# Twitter Sentiment Analysis - EDA
This notebook performs univariate and multivariate analysis on the Twitter sentiment dataset.

## Univariate Analysis
### Sentiment Distribution

In [None]:

import seaborn as sns
import matplotlib.pyplot as plt

sns.countplot(x='sentiment', data=df)
plt.title('Sentiment Distribution')
plt.xlabel('Sentiment')
plt.ylabel('Tweet Count')
plt.show()


### Tweet Length Distribution

In [None]:

df['tweet_length'] = df['clean_tweet'].apply(len)

plt.figure(figsize=(10, 5))
sns.histplot(df['tweet_length'], kde=True, bins=40)
plt.title('Distribution of Tweet Lengths')
plt.xlabel('Tweet Length')
plt.ylabel('Frequency')
plt.show()

sns.boxplot(x='sentiment', y='tweet_length', data=df)
plt.title('Tweet Length by Sentiment')
plt.show()


## Bivariate/Multivariate Analysis
### Word Count vs Sentiment

In [None]:

df['word_count'] = df['clean_tweet'].apply(lambda x: len(x.split()))

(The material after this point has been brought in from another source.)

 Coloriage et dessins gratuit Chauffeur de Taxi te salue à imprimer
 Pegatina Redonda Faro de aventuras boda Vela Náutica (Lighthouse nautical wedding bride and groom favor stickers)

sns.boxplot(x='sentiment', y='word_count', data=df)
plt.title("Word Count Distribution by Sentiment")
plt.show()


### Correlation Matrix of Numeric Features

In [None]:

import numpy as np

corr_matrix = df[['tweet_length', 'word_count']].corr()

sns.heatmap(corr_matrix, annot=True, cmap='coolwarm')
plt.title('Correlation Matrix of Numeric Features')
plt.show()


## Insights Summary

- **Sentiment Distribution**: Distribution of sentiment classes helps understand class imbalance.
- **Tweet Length & Word Count**: These features vary with sentiment and may impact classification.
- **Correlations**: Tweet length and word count are strongly correlated as expected.
- **Feature Influence**: Textual features (via TF-IDF) are primary drivers of sentiment classification, with tweet length and word count potentially serving as supporting features.